I was maybe all of twenty years old. It was kind of fun hanging out with Vern and his friends. Sometimes if a song came on MTV that he was really into he’d pick me up and swing me around like a rag doll. I was usually the only woman over there, so I got my share of attention. Vern was very into the whole bodybuilding thing, and he’d often preen around the apartment in nothing but his boxers while his roommates made fun of him. I actually went out on dates with two of his roommates.

Anyhow, one semester I took this night class, and all of the sudden Vern started showing up outside my night class and picking me up or walking me to my car. I remember thinking that this out of the blue chivalry was very strange. He insisted that it was for my safety, and I remember thinking that it was very odd that he was always there at the right time and place. I myself wasn’t worried about walking around campus at night. I suppose I would have taken reasonable precautions like parking close or where it’s at least well lit, but other than that I didn’t think about it very much. Vern, on the other hand, had thought about it a lot.

After several weeks of this he finally told me that one of his friends was a date rapist who had attacked some woman friend in the guise of giving her a ride home. I knew the guy. He was a nice looking guy. He wouldn’t have had to force a woman. He could have found someone that would have been willing. Obviously, he didn’t want a woman who was willing. Vern told me that I was to never be alone with this guy for any reason or to allow him to give me a ride home. And if Vern hadn’t given me this information I might have gotten in a car and accepted a ride from this guy. There was absolutely nothing about him that would have been a warning sign.

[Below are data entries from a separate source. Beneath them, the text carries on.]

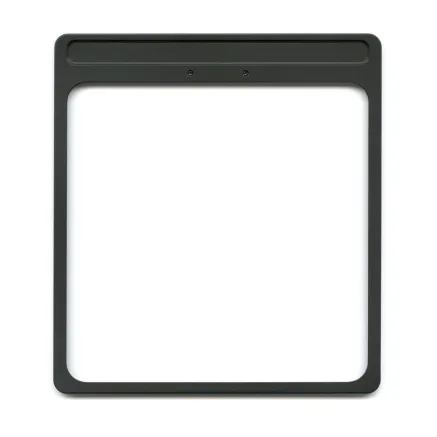 Cokin NX Series Frame 100x100 Duo Pack FRD01NXS 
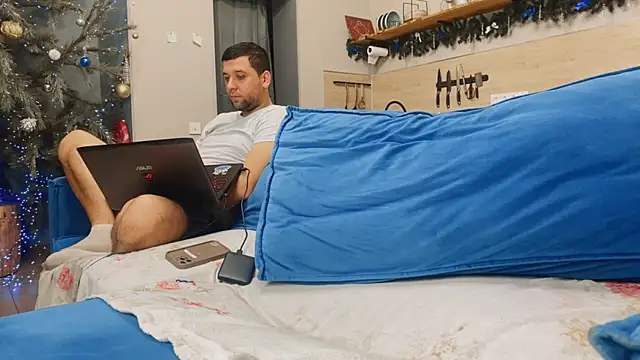 mariyafoxxx (G young) - make me naked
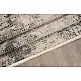 ΧΑΛΙ BELLAGIO 3250 - 080X150 NewPlan ΧΑΛΙ BELLAGIO 3250 - 080X150 NewPlan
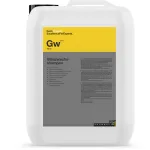 Koch Chemie - GW Glanzwachsshampoo 10 ltr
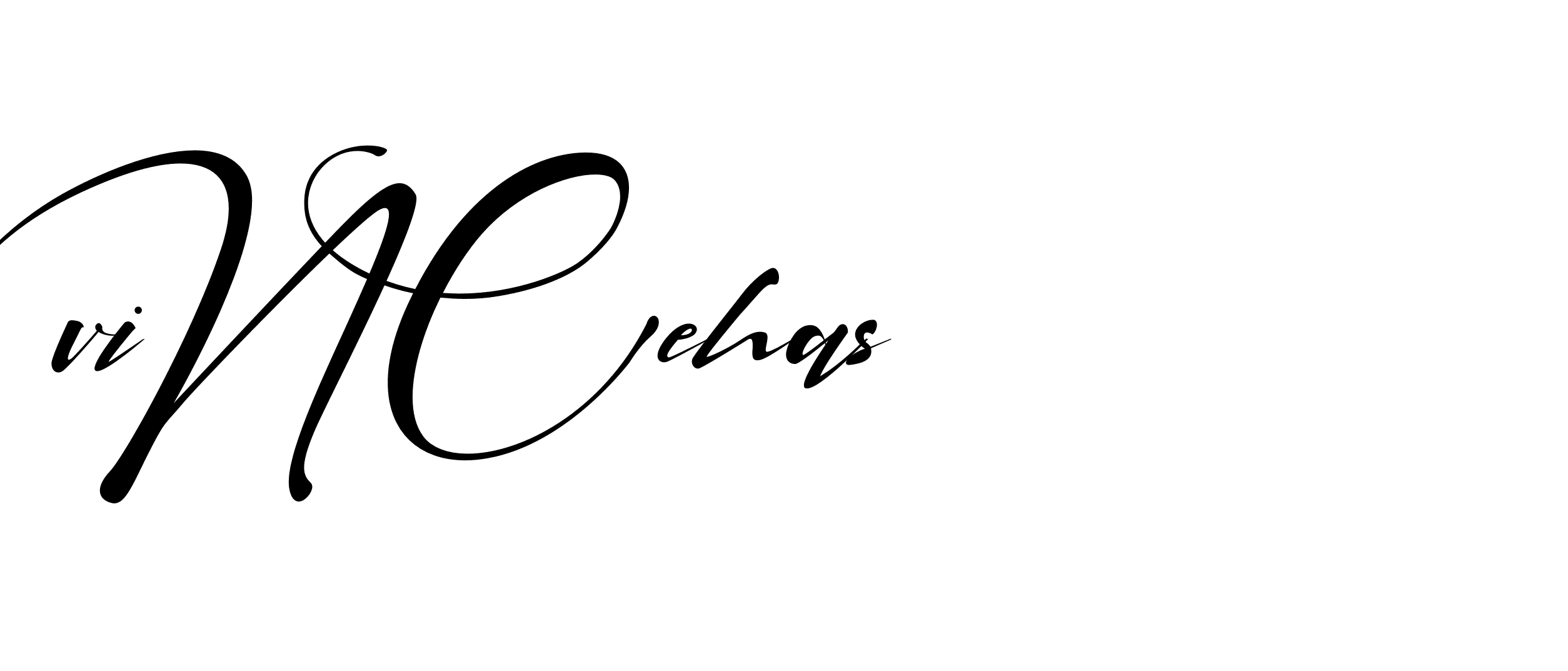 The best way (BetterlettRegular-Ea5Lj) to make a short signature is to pick only two or three words in your name. The name Ceard include a total of six letters. For converting this name. Ceard signature style 2 images and pictures png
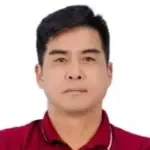 Viet Thang Nguyen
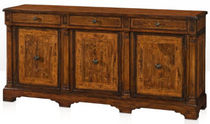 classic style wooden sideboard PENDIO THEODORE ALEXANDER
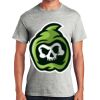 Ultra Cotton ® 100% Cotton T Shirt with Pocket Thumbnail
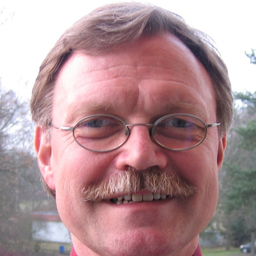 Dieter Müller-Späth
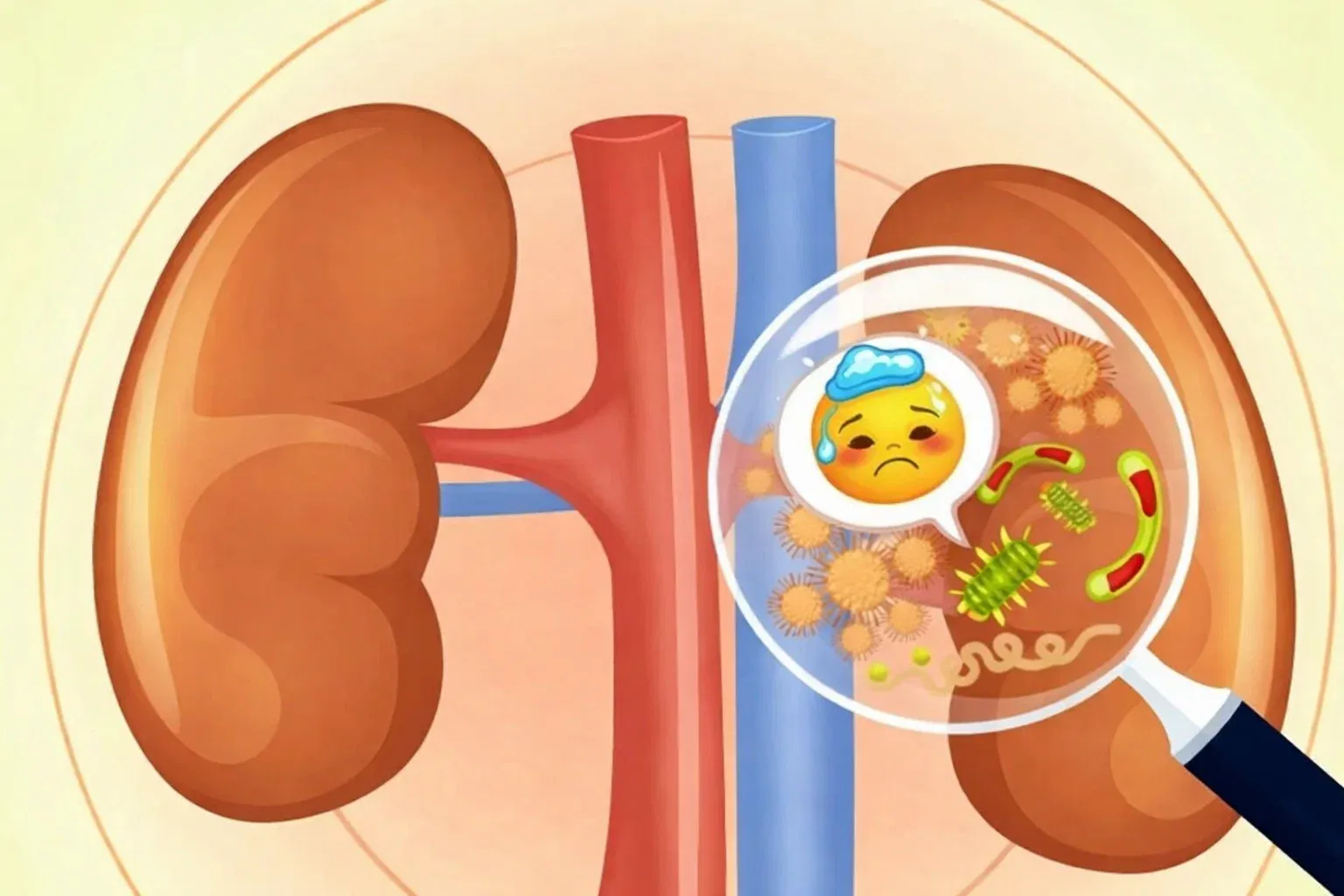 Task 01kk8kcwpye2etx11d7654ma5f1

I’m pretty sure that story isn’t something that Vern would have made up, and I heard it repeated by both of the roommates I dated anyway. I always wondered if he knew something about this other guy that I didn’t. Rapists frequently target their victims and stalk them long before the attack. The woman never brought up any charges, and I don’t know if Vern and his roommates heard the story from the roommate or from the woman. I did notice, however, that they didn’t kick this guy out of their little circle. He still hung out with them.

Porter, in his video, talks about the Man Box, a very strict set of rules for what is and is not appropriate manly behavior. A man doesn’t cry or show emotion. He doesn’t talk about his feelings. He views women as property. A man doesn’t have a first time; he’s never a virgin; he was a born satyr. Even some of the good guys I’ve known in my life were quick to label other men as “girls,” or “pussies,” or “bitches.” The idea behind it is that the worst possible insult that you can hurl at a boy or a man is that he’s a girl. But what does that ultimately say about how our society values women?